Liberian Dictator Sets the Stage for His Downfall

By Winsley S. Nanka

The Perspective
Atlanta, Georgia

December 30, 2002

The human rights abusing kleptocratic Liberian ruler, Charles G. Taylor, is setting the stage for a political showdown with exile Liberian politicians in 2003. The outcome of this showdown may determine the fate of the Liberian ruler and the direction Liberia takes in 2003 and thereafter.

If Mr. Taylor carries out his threat to invoke Article 52, section c of the Liberian constitution, this may throw the 2003 Liberian presidential elections into Mr. Taylor's favor. Article 52, section c states that any one seeking the presidency of Liberia must be "resident in the Republic of Liberia 10 years prior to his (or her) election provided the president and the vice president shall not come from the same county."

The immediate victims of Mr. Taylor’s invocation of Article 52, section c would be George Klay Kieh Jr, presidential aspirant for the New Deal Movement; Charles Walker Brumskine, presidential aspirant for the Liberia Unification Party; and Marcus Dahn, presidential aspirant for the United Peoples Party. Others presidential aspirants that may be affected are Joseph Korto and Harry A. Greaves Jr. presidential aspirants for the Liberia Action Party and Ellen Sirleaf of the Unity Party, among others.

Mr. Taylor is being disingenuous by threatening exile politicians with the invocation of Article 52, section c of the Liberian constitution. According to some of the framers of the 1984 Liberian constitution contacted for this article, the intent of Article 52, section c was not for a ruthless human rights abusing dictator to force Liberians into exile and then use the clause to exclude them from the political process.

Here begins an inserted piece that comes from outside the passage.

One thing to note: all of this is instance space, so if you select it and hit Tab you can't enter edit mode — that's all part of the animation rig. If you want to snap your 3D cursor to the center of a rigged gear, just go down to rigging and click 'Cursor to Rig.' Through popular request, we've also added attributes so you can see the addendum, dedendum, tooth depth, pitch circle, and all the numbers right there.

According to some of the framers of the Liberian constitution, the intent of the clause was for Liberians contesting the presidency to be resident of Liberia for at least 10 years in order to develop a thorough understanding of the social economic development needs of the Liberian people. Furthermore, the framers of the Liberian constitution did not want for presidential contenders to show up every five years for the elections and thereafter, fly right back to their adopted countries without showing any commitment to the Republic of Liberia. Many countries around the world have constitutional requirements for the presidency. For example, the United States of America has a clause in its constitution that allows only natural born Americans to be President of the United States.

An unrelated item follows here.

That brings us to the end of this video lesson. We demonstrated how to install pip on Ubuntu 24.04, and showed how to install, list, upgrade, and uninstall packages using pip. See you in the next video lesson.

According to some of the framers of the 1984 constitution, Article 52, section c was inserted into the Liberian constitution assuming a stable political environment. Therefore, Mr. Taylor cannot invoke the clause to exclude exile politicians. The exile politicians are abroad mainly because of the harrassment, intimidation and other acts of violence perpetrated against their persons by Mr. Taylor and his criminal gang in Monrovia.

Mr. Taylor however, is not the first Liberian ruler to use exclusionary tactics to hang onto power. In 1980, Liberia's 18th president, William Richard Tolbert, Jr. fearing the popularity of the Progressive Peoples Party of Baccus Mathews, banned the Party and threw the leadership in jail. The political repression by the Tolbert regime resulted into the 1980 military coup that brought General Samuel K. Doe to power.

In 1985, dictator Samuel K. Doe fearing defeat by Gabriel Baccus Mathews' United Peoples Party and the Liberian Peoples Party banned the two parties for alleged indulgence in foreign ideology. An apparent reference to the parties alleged left leaning pronouncements. Liberians however, circumvented General Doe's strategy by overwhelmingly voting for Jackson Fiah Doe of the Liberia Action Party. General Doe rigged the presidential election and was declared the winner by an illegitimate 50-man committee.

Exile politicians may have a slim hope if they think that they can seek a legal redress through the court system of Liberia to resolve their exclusions from the political process by the Liberian dictator, Charles G. Taylor. The Liberian court system is not historically known for its independence from the executive branch of government Moreover, the current Supreme Court of Liberia is reportedly stacked with Mr. Taylor's loyalists.

If history serves as any guide for Liberians, this latest act by Mr. Taylor may signal the beginning of the end of Mr. Taylor and his regime. William Richard Tolbert's suppression of political dissidents led to his overthrow in 1980. General Samuel Doe banning of political parties and the rigging of the 1985 elections led to Charles G. Taylor's 1989 invasion that subsequently brought down his regime. Charles G. Taylor's exclusion of exile politicians from the political process may result into his removal from power by Liberians or a third force unknown to Liberians.